Introduction to Paracetamol
Paracetamol, also known as acetaminophen, is a commonly used analgesic and antipyretic medication. It is widely available over-the-counter and is considered safe when used at therapeutic doses. However, it can be toxic in overdose situations, leading to severe health complications, including liver damage.
Mechanism of Action
Paracetamol works primarily by inhibiting the enzyme cyclooxygenase (COX), which is involved in the synthesis of prostaglandins. Prostaglandins are compounds that mediate inflammation, pain, and fever. Unlike non-steroidal anti-inflammatory drugs (NSAIDs), paracetamol does not have significant anti-inflammatory properties. Toxicity and Metabolism
In normal doses, paracetamol is metabolized in the liver via conjugation reactions to form non-toxic metabolites. However, a small fraction is metabolized by the cytochrome P450 enzyme system to form a toxic metabolite called N-acetyl-p-benzoquinone imine (
NAPQI). Under normal circumstances, NAPQI is detoxified by conjugation with glutathione. In overdose situations, glutathione stores are depleted, and NAPQI binds to cellular proteins, leading to
hepatic injury.
Symptoms of Paracetamol Overdose
The symptoms of paracetamol overdose can be divided into four stages: Stage 1 (0-24 hours): Symptoms may include nausea, vomiting, sweating, and general malaise.
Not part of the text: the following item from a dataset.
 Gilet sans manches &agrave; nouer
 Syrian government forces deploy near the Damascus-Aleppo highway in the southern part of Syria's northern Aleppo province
Stage 2 (24-72 hours): Patients might experience abdominal pain with elevated liver enzymes, indicating liver damage.
Stage 3 (72-96 hours): This is the most critical phase, where liver function may fail, and symptoms of liver necrosis, renal failure, and encephalopathy can occur.
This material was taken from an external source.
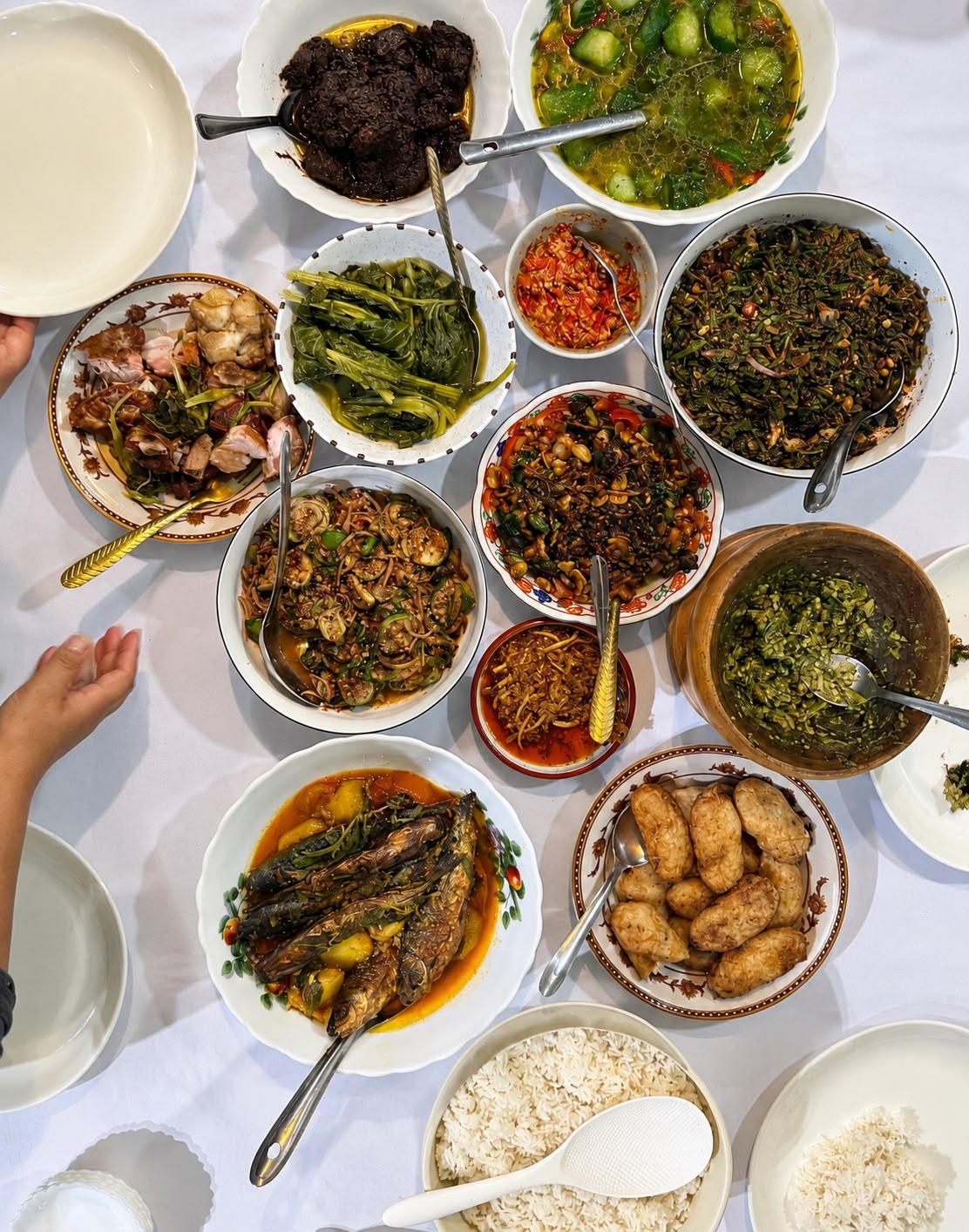 Table spread with many small Mizo dishes seen from above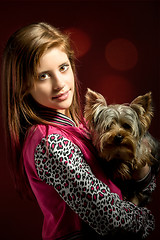 Image showing smiling young girl with her pet yorkshire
Stage 4 (4 days to 2 weeks): Recovery phase, where liver function might improve if the patient survives the acute phase.
Diagnosis and Management
Diagnosis of paracetamol overdose is primarily based on patient history and serum paracetamol concentration. The
Rumack-Matthew nomogram is a tool used to assess the risk of hepatic injury following an acute overdose. Treatment involves the administration of
N-acetylcysteine (NAC), a precursor of glutathione, which can mitigate liver damage if given promptly.
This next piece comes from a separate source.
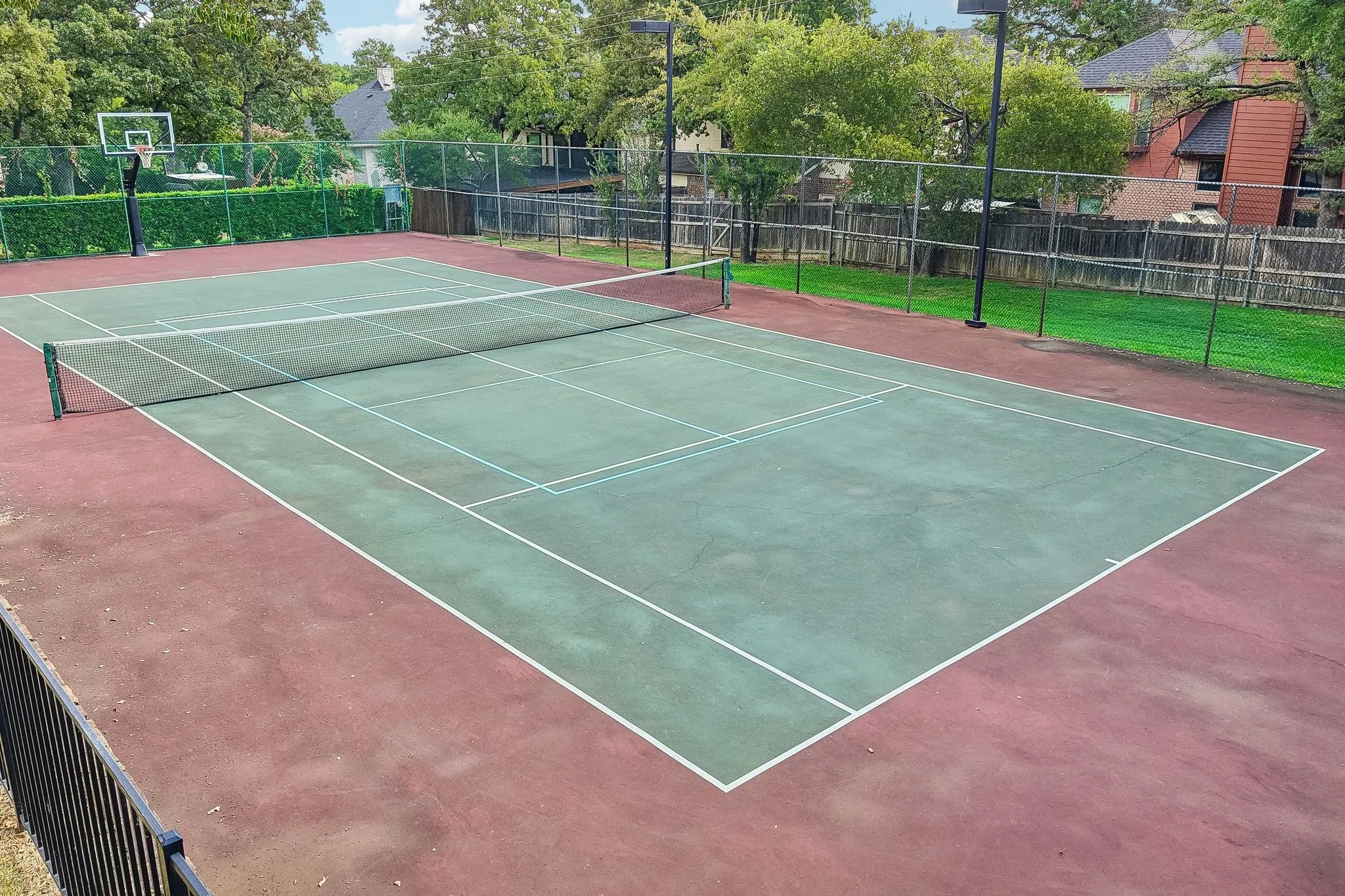 Full-size tennis court featuring a green playing surface with white line markings, surrounded by a red-toned court perimeter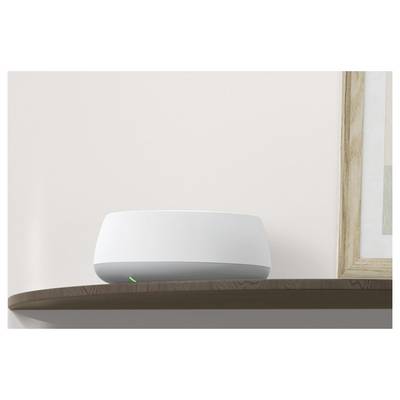 A white, rounded smart device sits on a wooden shelf against a plain wall.<br>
Prevention and Public Health Considerations
Preventing paracetamol toxicity involves strict adherence to recommended dosing guidelines and public education on the risks of overdose. Combination products containing paracetamol should be used cautiously, especially among individuals with pre-existing liver disease or those consuming alcohol excessively.
Conclusion
Paracetamol is a widely used medication with a favorable safety profile when used correctly. However, its potential for toxicity underscores the importance of understanding its pharmacokinetics and the management of overdose scenarios. Continued efforts in public health education and careful monitoring of paracetamol use can prevent toxic outcomes and ensure patient safety.